Bab 9

9 2 0
                                    

"Ca. Will you marry me?" ucap Taison pada Ica. Lelaki blasteran amerika tersebut menekukan kaki dengan tangan memegang cincin menatap Ica penuh harap.

Gadis tersebut nampak kebingungan. Ia melirik sekitar. Dimana kini orang orang berkumpul mengerumuni nya.

Ica tak bisa menolak. Harga diri Taison berada pada ucapannya sekarang. Namun tak dapat di tampik. Dalam hati, gadis itu masih bergejolak ingin menolak.

"Ca?" panggil Taison. Ica menoleh ke bawah. Dimana Taison masih setia menekukan kaki. "Taison. Kamu ... apa-apaan ini?" tanya Ica bergumam kesal.

"Please answer my question," ucap Taison berucap. Teriak 'terima terima' menggema di indera pendengaran Ica.

Seolah di paksa keadaan. Spontan Ica mengangguk menginyakan.

Taison dengan senyum mengembang di wajah lantas bangkit akan memeluk Ica. Segera sebelum Ica menjadikan telapak  tangannya tameng pada dada. "Bukan muhrim," ucap Ica pelan tanpa ekspresi. Menghiraukan ucapan Ica. Lelaki berbadan tegap tersebut malah berucap  'terima kasih terima kasih' pada Ica. Gadis itu masih terpaku di tempatnya.

"Aarif," lirih nya.

Di beda tempat. Seseorang terbangun dari mimpi panjangnya. Pada lengannya infusan menempel di sana.

.

Ica berjalan beriringan bersama Taison menyusuri Pentle Bay,  menikmati pemandangan pasir putih, rerumputan berpadu dengan samudera berwarna biru toska yang dipenuhi titik-titik pulau kecil.

Deburan ombak dan siulan burung menambah kesan romantis pada kedua pasangan yang baru saja jadian.
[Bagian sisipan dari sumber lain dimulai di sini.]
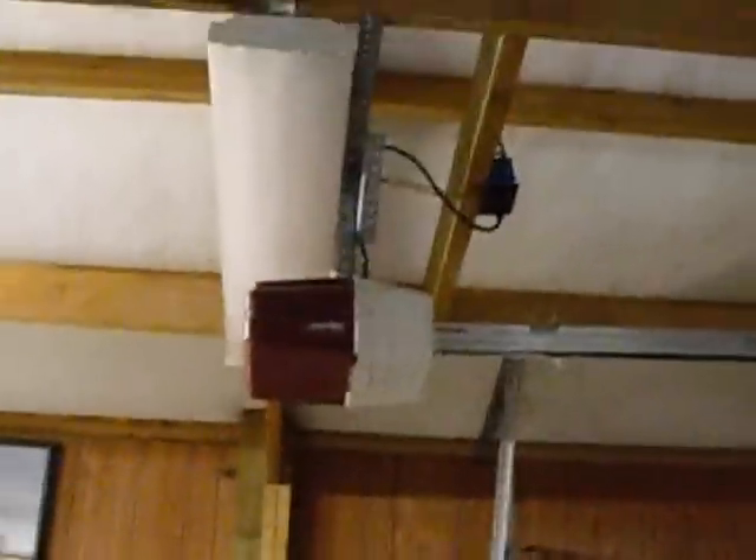This video is for Sublight 22. This is a Genie IntelliCode garage door opener. There's the other one — there's a Genie IntelliCode. The fluorescent lights don't work.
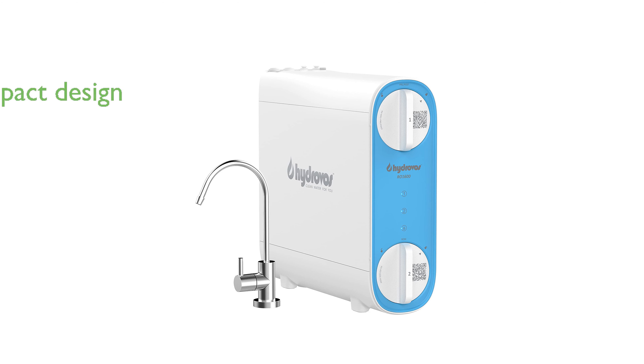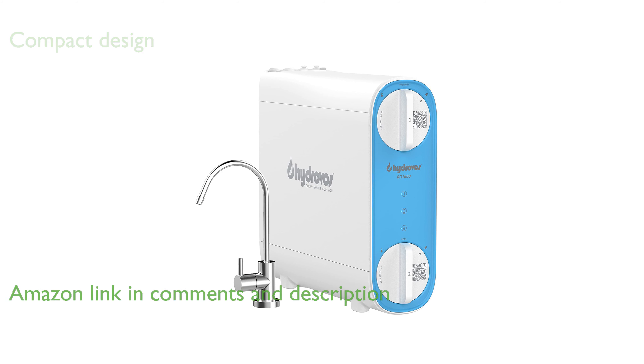The HydroVos 600 tankless reverse osmosis system offers advanced water filtration with a compact design, making it ideal for undersink installation.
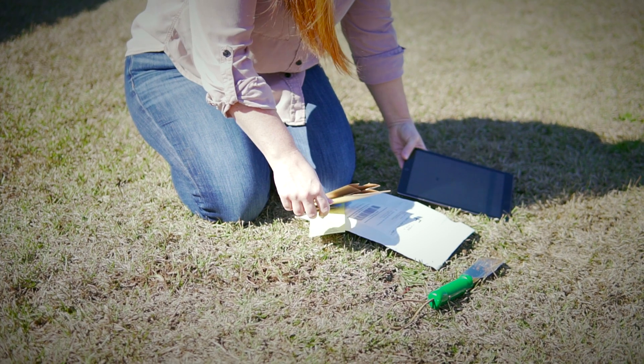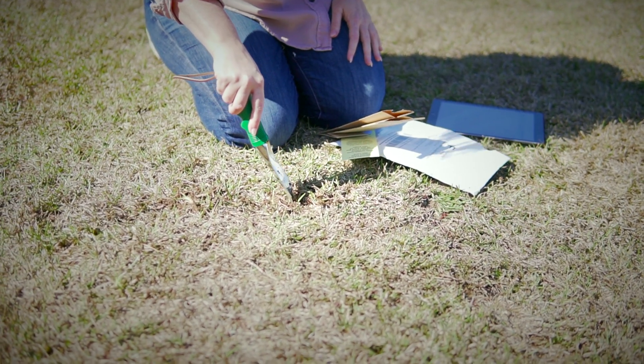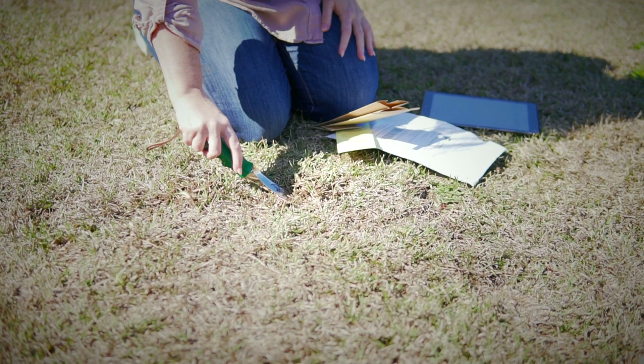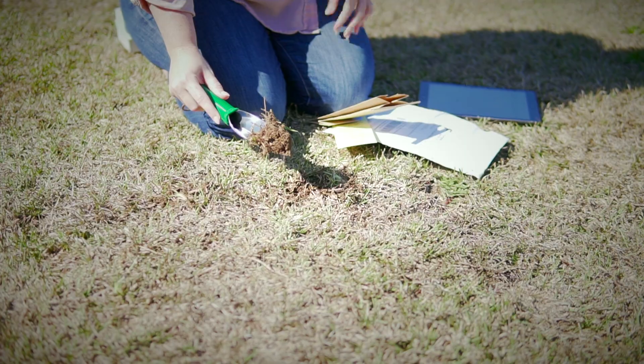Now it's time to take your soil sample. Be sure to use a stainless steel or plastic trowel to avoid metal contamination. If your soil has been recently fertilized, you'll need to wait two weeks before sampling.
Kencangnya angin membuat gamis dan kerudung Ica menyingkap dan itu berhasil membuat Taison terpesona. Keindahan wanita Muslimah terasa begitu nyata di hadapannya.

"Bagaimana dengan keluarga mu?" tanya Ica spontan. Taison mengerutkan dahi. "Apa mereka tau kamu mau masuk islam?"

"Keluarga ku Atheis. Mereka tak mempercayai adanya tuhan."

"Jika mereka tau salah satu anggota nya percaya bagaimana?"

"Mereka tak kan memperdulikannya."

Ica membalikan badan menjadi menghadap Taison. "Jika aku adalah katholik bukan islam. Masih maukah kamu masuk agama ku?"

Seketika Taison terdiam. Mereka hening menikmati sepanjang mata memandang biru laut dan siulan burung.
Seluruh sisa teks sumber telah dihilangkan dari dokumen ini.